Best water I ever drank came from the head od a natural spring. Boy that was good. And It was colddddd!!!
Ditto. I went to Andersonville, Georgia with a friend a few years ago to visit the site of the infamous Civil War prison camp and the National POW museum. If you don't know much about it, read up a little about the beyond-appalling conditions that Union soldiers were held in there. The camp was built with a creek running through it, but the Confederate encampment was upstream and both Union and Confederate soldiers used the stream as drinking water source, washroom, and toilet. A filthier setup probably couldn't have been designed. Thousands died because of it. You'll read of a thunderstorm in early 1865 (IIRC) and a lightning strike during it that opened a freshwater spring just inside the prison walls, uphill from the creek. The prisoners named it Providence Spring, and it saved many lives in the last days of the camp's existence. The spring still flows, and a stone house was built over it about a hundred years ago. The water flows into a basin, out the side and down to join that nearby creek.

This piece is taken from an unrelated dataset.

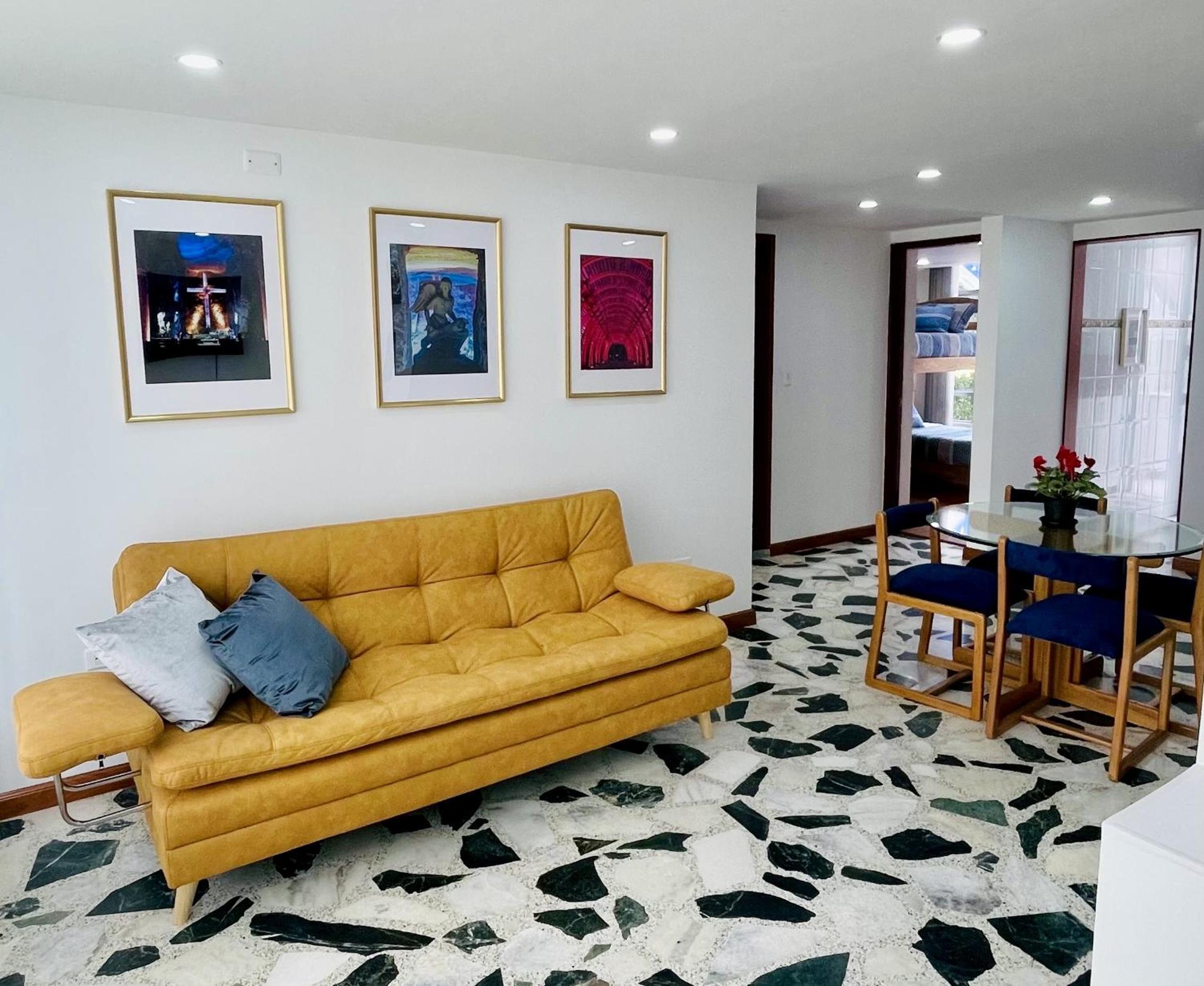 Apartment photo 1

The day we visited, a blistering hot Dog-Days-of-August-in-South-Georgia Tuesday, and after walking all over the prison site for a couple of hours, we found that the US Park Service has posted signs in front of and inside the stone house that read, "WARNING! This Water Is Not Fit For Human Consumption!" After due consideration of just why it isn't (because the government hasn't added anything to it, of course) we drank long and deep of the cold, clear water.
Bar none, it was the best water I've ever tasted.